23.03.2011, 14:15 Uhr
Flüchtlinge sind auf der italienischen Insel Lampedusa gelandet. (Foto: Reuters)
Vorurteile und Intoleranz gegenüber Minderheiten sind laut einer neuen Studie in Europa weiter verbreitet als bislang angenommen. Außerdem wächst die Sehnsucht nach einer starken Führerfigur. Zu diesen Ergebnissen kommt eine Untersuchung von Wissenschaftlern der Universität Bielefeld im Auftrag der SPD-nahen Friedrich-Ebert-Stiftung.
So ist rund die Hälfte der Befragten in acht EU-Staaten der Ansicht, es gebe in ihrem Land zu viele Zuwanderer. Ebenso viele verlangen die Bevorzugung von Einheimischen bei Arbeitsplätzen in Krisenzeiten. Mehrheitlich wird zudem der Islam pauschal als "Religion der Intoleranz" verurteilt. "Die gruppenbezogene Menschenfeindlichkeit ist somit auch in Europa keineswegs ein Phänomen von politischen Randgruppen", erklärten die Forscher.

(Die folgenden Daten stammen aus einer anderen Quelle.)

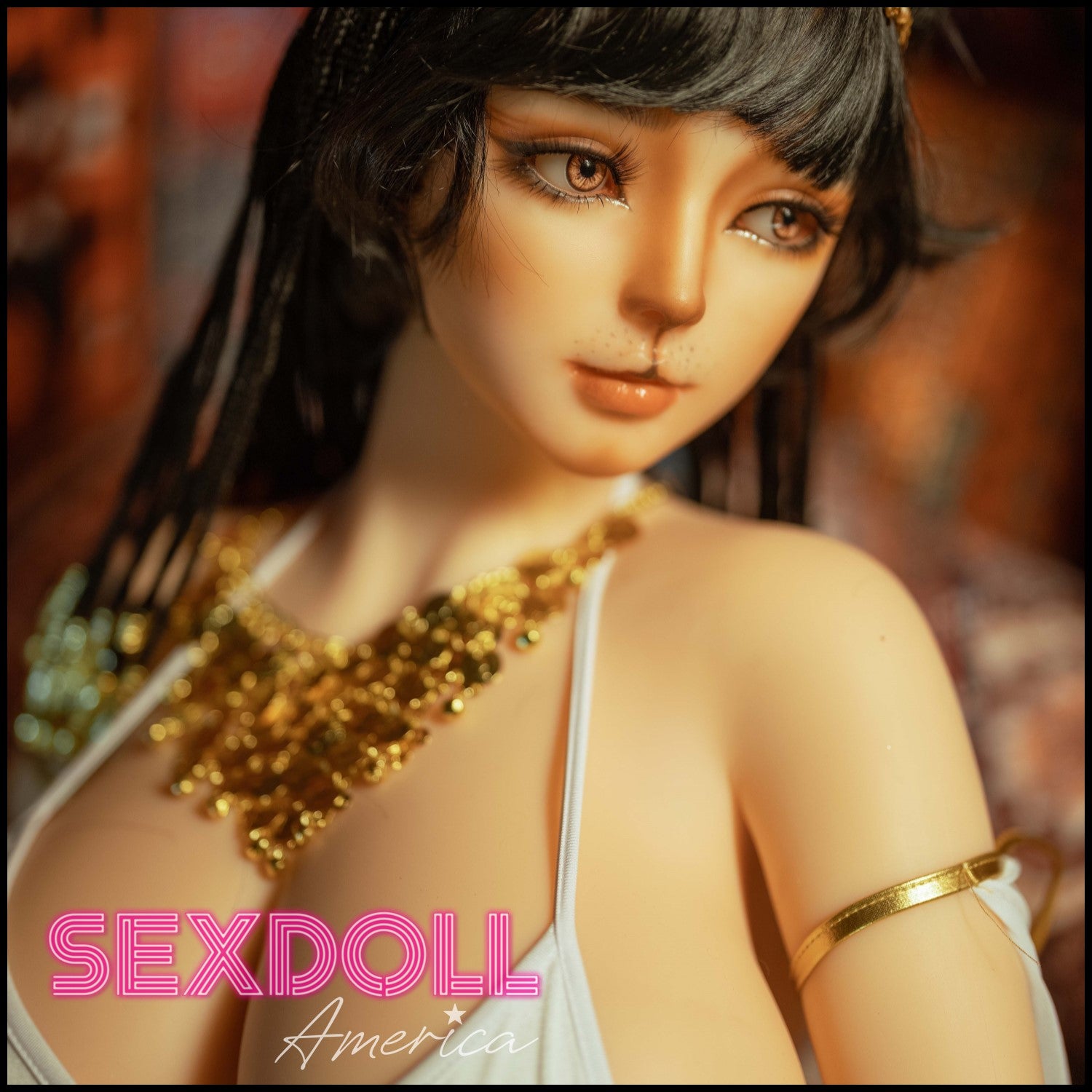 Realistic Sex Doll 155 (5'1") L-Cup Luozi (Head #G1) Full Silicone - Sino-Doll by Sex Doll America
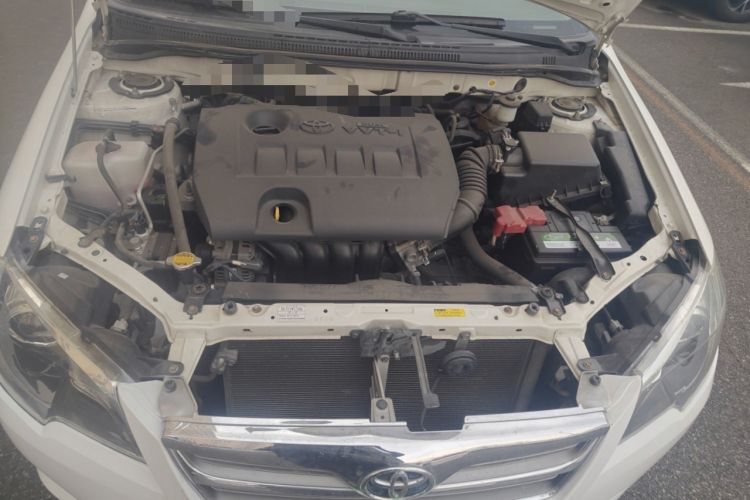 Used Toyota Corolla EX 2013 1.6L Automatic Luxury Edition Engine Bay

Danach sind auch antisemitische Einstellungen zum Teil tief verwurzelt. So seien zwischen 17 Prozent der Befragten in den Niederlanden und über 70 Prozent in Polen davon überzeugt, "die Juden" wollten heute Vorteile aus ihrer Verfolgung in der Nazi-Zeit ziehen. Ein Drittel der befragten Europäer glaubt danach an eine Überlegenheit von bestimmten Völkern im Vergleich zu anderen.
Als "besorgniserregend" werteten die Forscher weiter, dass eine Mehrheit der Befragten in allen Länder das Gefühl habe, von ihren Politikern nicht verstanden zu werden. Dieses Gefühl politischer Machtlosigkeit gehe oft mit dem Wunsch nach einer starken Führerfigur einher. So wachse in Europa der Wunsch nach autoritären Regierungsformen.
Danach ist fast jeder dritte Deutsche der Ansicht, dass ein "starker Mann" an der Spitze gebraucht werde, der sich nicht um Parlament oder Wahlen schert. In traditionellen Demokratien wie Großbritannien und Frankreich sind mehr als 40 Prozent dieser Ansicht. In Ländern wie Portugal oder Polen liegt dieser Anteil sogar bei mehr als 60 Prozent.
Untersucht wurden die Einstellungen in Deutschland, Großbritannien, Frankreich, Italien, Portugal, Polen, Ungarn und den Niederlanden. Deutschland liegt danach im europäischen Mittelfeld.